Le personnage suivant dans la gallerie de la révolution astroniomique est, nous l'avons vu, Tycho Brahé. Si cet astronome Danois a contribué à la révolution astronomique, c'est avant tout du fait de la transformation qu'il opère dans les moyens techniques relatifs à l'observation du ciel. Jusqu'à Tycho, nous l'avons dit, les techniques d'observation étaient assez rudimentaires. L'astrolabe, l'anneau astronomique, la sphère armillaire constituent davantage des moyens de représentation du ciel, permettant aux navigateurs de se repérer, que des instruments de mesure et d'observation proprement dits.

Astrolabe planisphère | Boutiques de Musées

L'observation de la position des astres s'effectue essentiellement à l'oeil nu, avec une batterie de compas dont l'exactitude est très relative.

patience...

Ptolémée avec un compas (manuscrit du XV° siècle)

Tout change avec Thycho Brahé, qui va installer un véritable observatoire sur son île-château, qu'il nomme "Uraniborg" (« palais d’Uranie » ou « palais des Cieux », Uranie étant la muse de l’Astronomie). D'origine noble, Tycho dépense sans compter pour faire construire des instruments de mesure toujours plus volumineux et précis (dont un cadrant mural de deux mètres), qui lui permettent d'effectuer des observations dix fois plus précises que celles dont on disposait à son époque (l'ironie de l'histoire voulant qu'il disparaisse avant la grande révolution technique que représentera le télescope, ou la lunette astronomique).

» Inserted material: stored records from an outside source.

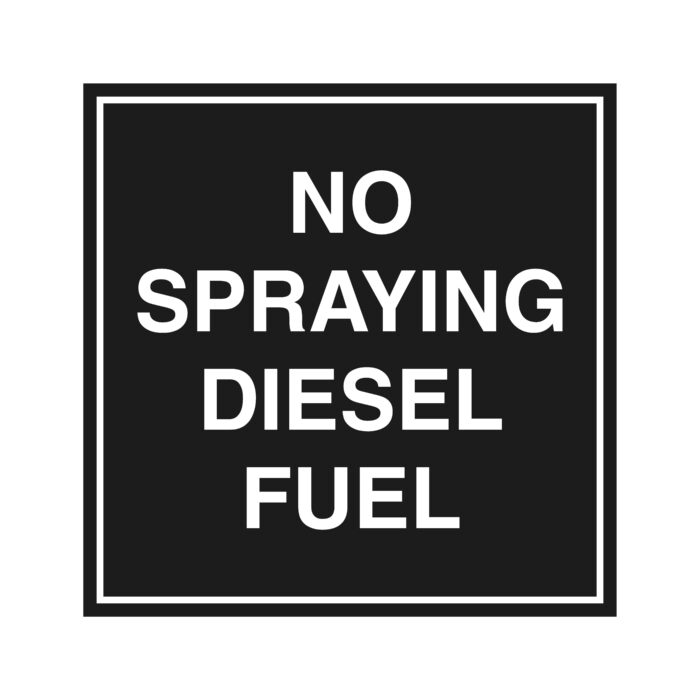 No Spraying Diesel Fuel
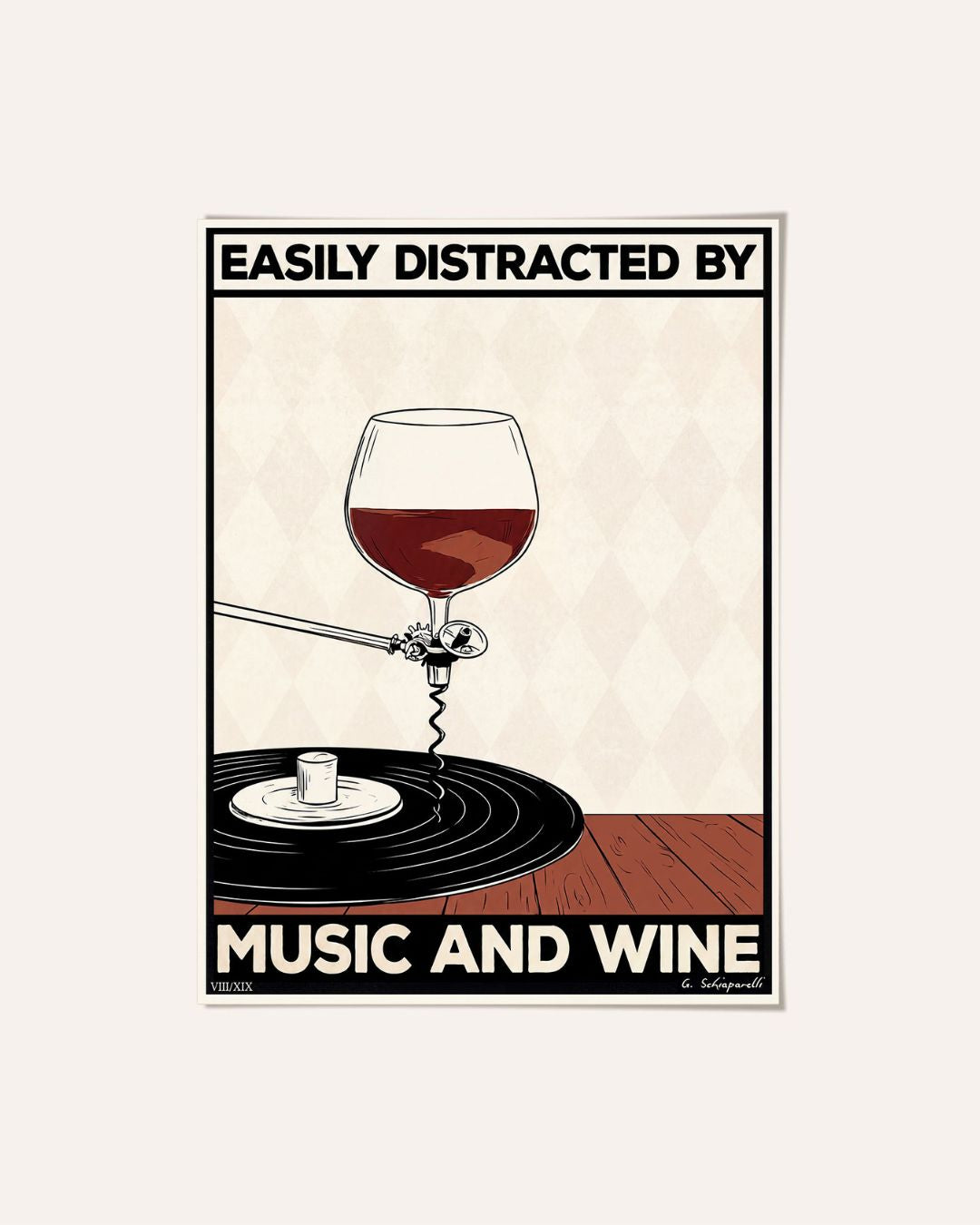 Easily distracted by music and wine
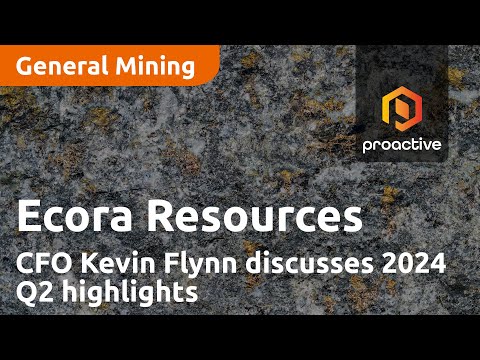Ecora Resources CFO Kevin Flynn discusses 2024 Q2 highlights [Video]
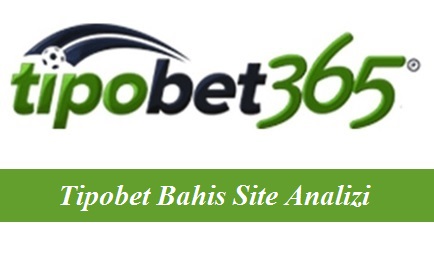 Tipobet Bahis Site Analizi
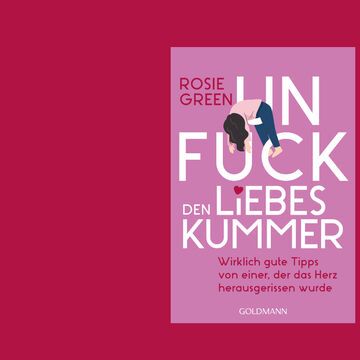 Buchcover Unfuck den Liebeskummer: Wirklich gute Tipps von einer, der das Herz herausgerissen wurde von Rosie Green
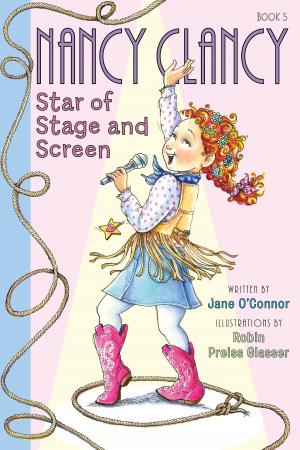 Book cover of Fancy Nancy: Nancy Clancy, Star of Stage and Screen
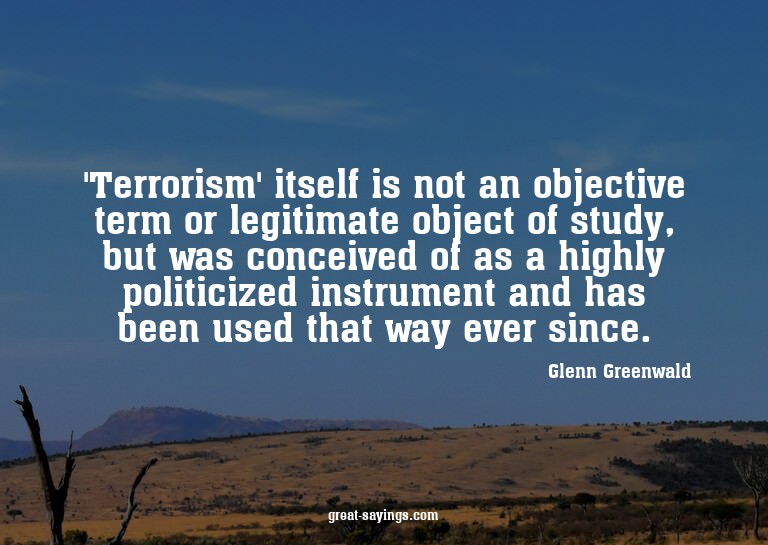 'Terrorism' itself is not an objective term or legitima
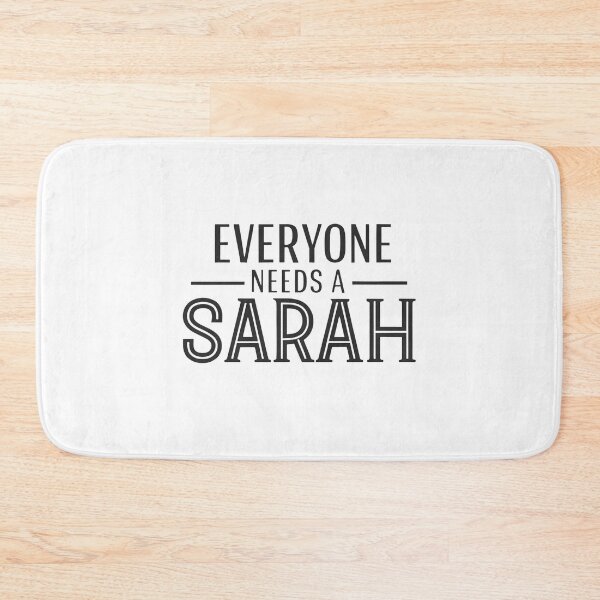 Item preview, EVERYONE NEEDS A SARAH designed and sold by TheArtOfRanda.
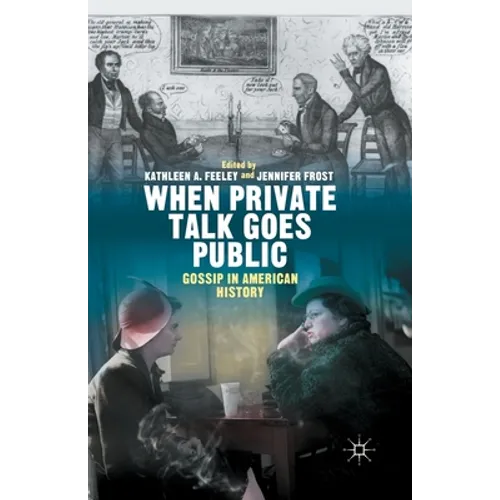 When Private Talk Goes Public: Gossip in American History - Paperback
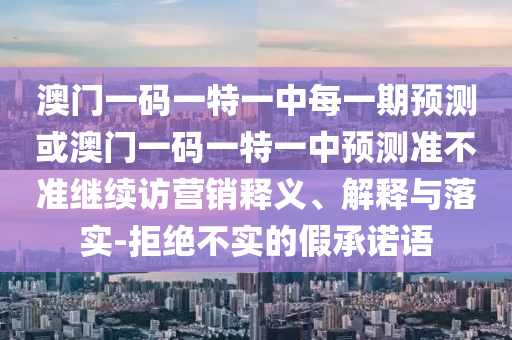 澳門一碼一特一中每一期預(yù)測(cè)或澳門一碼一特一中預(yù)測(cè)準(zhǔn)不準(zhǔn)繼續(xù)訪營(yíng)銷釋義、解釋與落實(shí)-拒絕不實(shí)的假承諾語(yǔ)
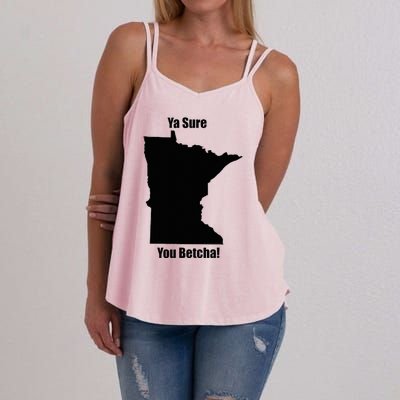 Ya Sure You Betcha! Minnesota Women's Strappy Tank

Ce qui apparaît (définitivement) avec Tycho Brahé, c'est l'idée selon laquelle ce sont bien les observations qui doivent venir tester la validité des théories : la théorie n'est recevable que si elle coïncide avec les résultats d'observation. Et comme ses observations seront beaucoup plus fiables que les précédentes, il ne sera plus possible de rejeter sur un défaut d'observation,  sur les approximations relatives à la mesure, l'échec de la théorie.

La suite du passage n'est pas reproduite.